そして準備が整うと、白い布を持った会員たちが退散し、3人の姿が露見される。


「ほう……なかなか素敵じゃないか、麗しの姫君」
「本当、素敵!こんなに素敵なドレスを着せてくださるなんて!」


例の純白のドレスに着替えたシンデレラを初めて見た観客の皆さんは、わあっと感嘆の声を漏らしました。
麻燐のご両親は、これでもかというくらいカメラのシャッターを切っています。


「ちょっと冴えないが、その御者を連れて城へ向かうといい」
「……冴えなくて悪かったな」


御者用の服に着替えた宍戸を指差し、跡部魔法使いは言う。
そして更に目線を逸らし、


「そこにかぼちゃの馬車がある。それに乗って行くと早く着く。使え」
「まあ、ありがとう」


いつの間にかそこにいた、かぼちゃの格好をした樺地を見て言った。
……馬車というのだからそれらしい格好かと思っていましたが、ハロウィンに着るようなかぼちゃの衣装を樺地は着ています。
一体どうやって馬車だと言い張る……


「お願いね、かぼちゃの馬車さん」
「ウス」


担ぎました。
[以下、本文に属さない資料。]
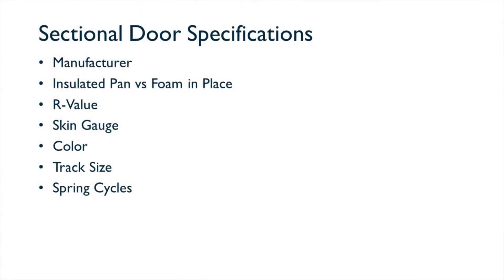The next would be spring cycles. Spring cycles start at 10,000 cycles, then 25,000, 50,000, and 100,000 cycles. A typical box building you're going to see 10,000-cycle springs, but 50,000-cycle is the recommended choice for long life on doors.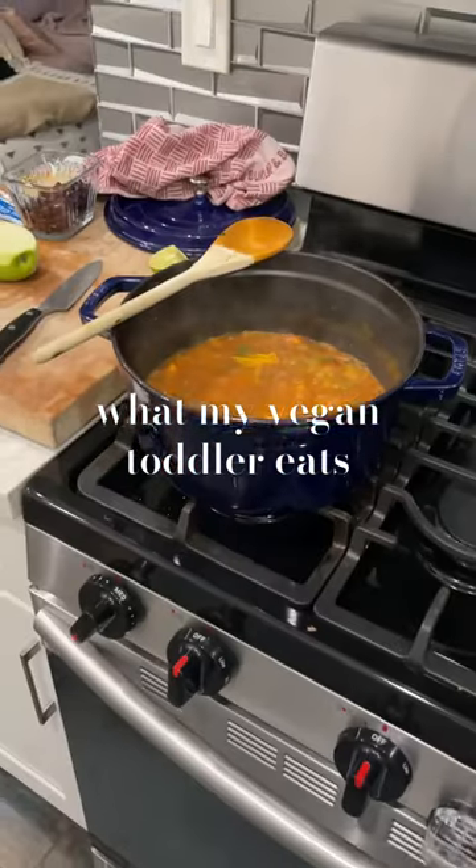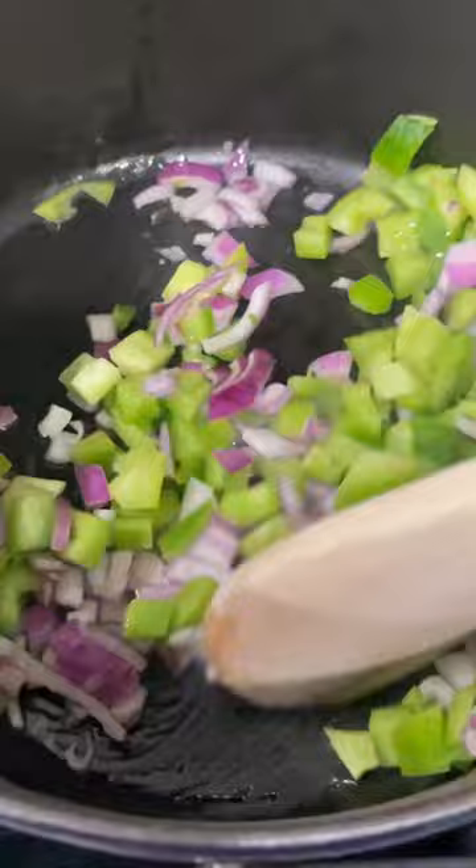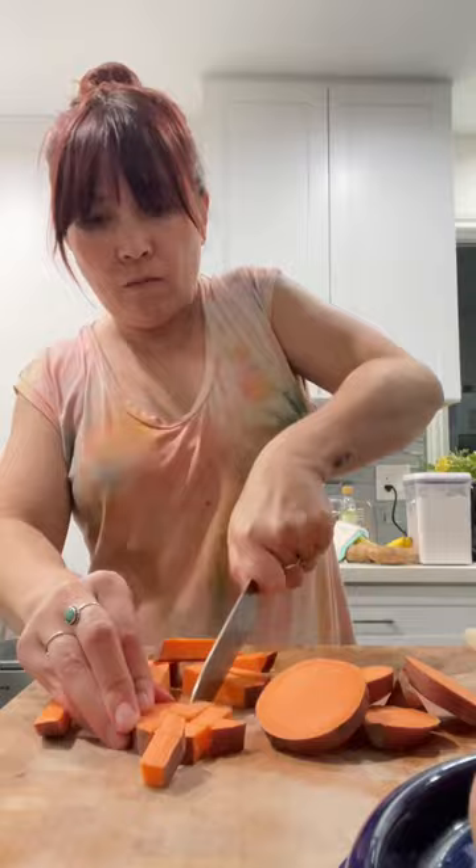Most of the stuff I make for my kid is either leftovers or sometimes I'll make something quick like this with what I have in the fridge. I sautéed some onion and green pepper, chopped up a yam into small pieces, threw that in the pot, and seasoned it with garlic powder.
まさかの力技で対処するとは……。
そして何の苦労も見せない表情のまま、樺地はシンデレラを担いだまま走ります。
その速さには、御者で馬車を導くはずの宍戸すら追いつくのがやっとです。


「(……あれ、きっと宍戸くんの役はいらなかったわね)」


走り行く樺地かぼちゃと宍戸御者を見て、愛子はそっと心の中で呟きました。
満足そうにシンデレラを見送り、出番が終わったのにステージから去ろうとしない跡部を横目で見て、はあとどこか楽しそうに溜息をつきました。